Ford’s decision to push CEO Mark Fields out of the company has a lot to do with its stock price that has plummeted 40% during his three years of leadership.
But its decision to replace Fields with Jim Hackett, the exec who was overseeing Ford’s Smart Mobility unit that’s responsible for autonomous tech, shows Ford’s desire to shift its narrative as an automaker to a mobility company.
At a time when Tesla’s market value has risen dramatically to challenge both Ford and GM, Ford sees the benefit of of not only channeling more resources into electrification and autonomous tech, but of making a public display of its intention to do so.
We can expect this to play out in the form of a Silicon Valley shopping spree, where Ford will either look to acquire or invest in promising startups.
Ford has already shown it’s willing to spend the big bucks on its self-driving tech before Hackett took over as CEO. It has made over $1 billion worth of investments in companies like Pivotal, Velodyne, and Argo AI as it looks to ramp up its autonomous driving efforts and bring on fresh talent.
Ford has said it plans to keep making those big investments as it places a greater focus on mobility.
“As we’ve shifted from being an automotive company to being automotive and mobility, we’ve seen an increasing need for tech talent,” Julie Lodge-Jarrett, Ford’s human resources director, told Business Insider in March.
“We look at how we traditionally buy talent and how we might buy it in greater quantities based on other companies or other resources,” she continued.
Ford realizes it must invest heavily to acquire the software talent that is accustomed to working for tech companies in the Valley.
Automakers will continue to remain an inherent piece of the self-driving-car puzzle as vehicle manufacturers, which is a notoriously challenging business to break into as can be seen through Tesla’s production struggles alone.
But if carmakers wish to dive into the lucrative business of self-driving tech without having to split the profits with giants like Waymo, the self-driving company spun out of Google, they will need to spend more on talent.
Hackett has deep ties to Silicon Valley, Ford Chairman Bill Ford said on a press call with journalists Monday. In fact, he sold furniture to Apple’s Steve Jobs during his 20-year tenure as CEO of Steelcase, a furniture company, Bloomberg reported.

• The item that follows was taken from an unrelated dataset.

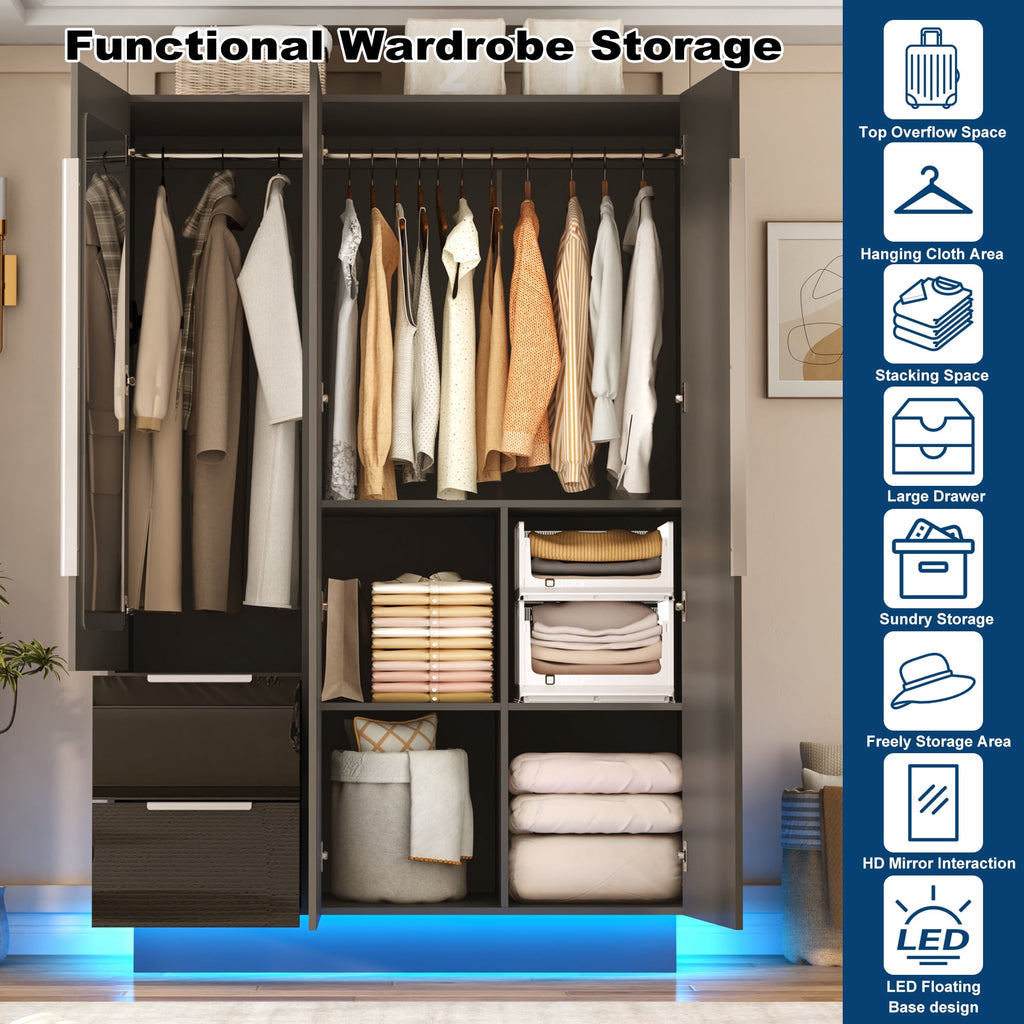 ANPOO 3 Door Wardrobe Closet with 2 Drawers & Mirror, 70H High Gloss LED Wardrobe Armoire with Hanging Rod, Wooden Large Freestanding Storage Wardrobe for Bedroom, High Gloss White Armoire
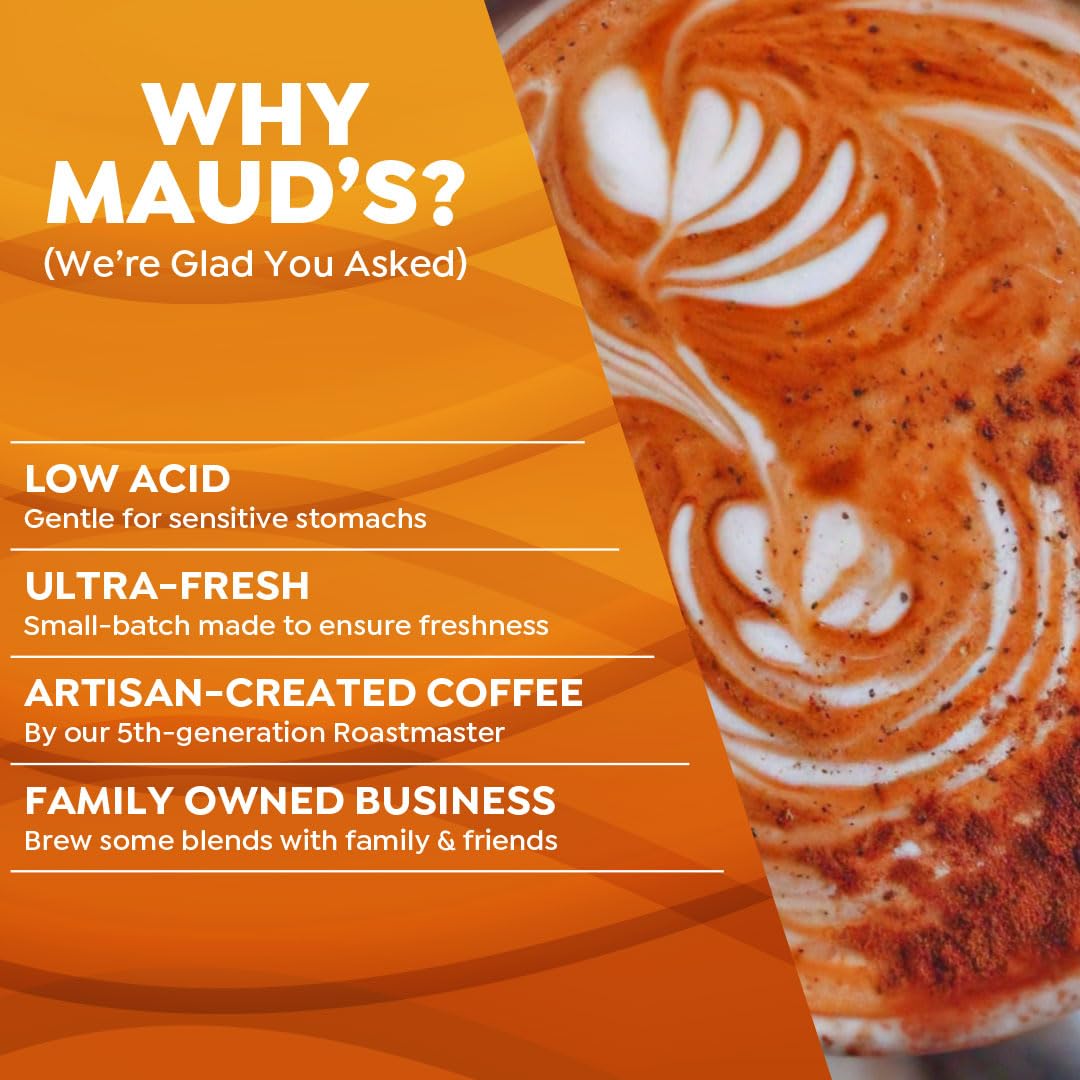 Box of Maud's beans highlighting sustainable sourcing and 100% Arabica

Hackett has also served as the head of University of Michigan’s athletic program and successfully recruited 49ers coach Jim Harbaugh to lead the university’s football program.
“Look for Ford to present itself as an AI Machine Learning Big Data Tech Firm,” Morgan Stanley auto and mobility analyst Adam Jonas wrote in a note. “During his stint heading the University of Michigan Athletic Department, Jim Hackett proved to be highly effective in bringing talent from Silicon Valley to Southeast Michigan (Jim Harbaugh).”
Ford has already shown it’s serious about spending more on the future of mobility from electric cars to self-driving vehicles, but Hackett will look to use his Silicon Valley ties to ramp up those efforts at a greater pace.
“It’s our right to win here. We don’t have to cede that to anybody, Tesla, any of them,” Hackett said on the Monday press call. “It’s our right to win there, and so I love that challenge because I know how to do that.”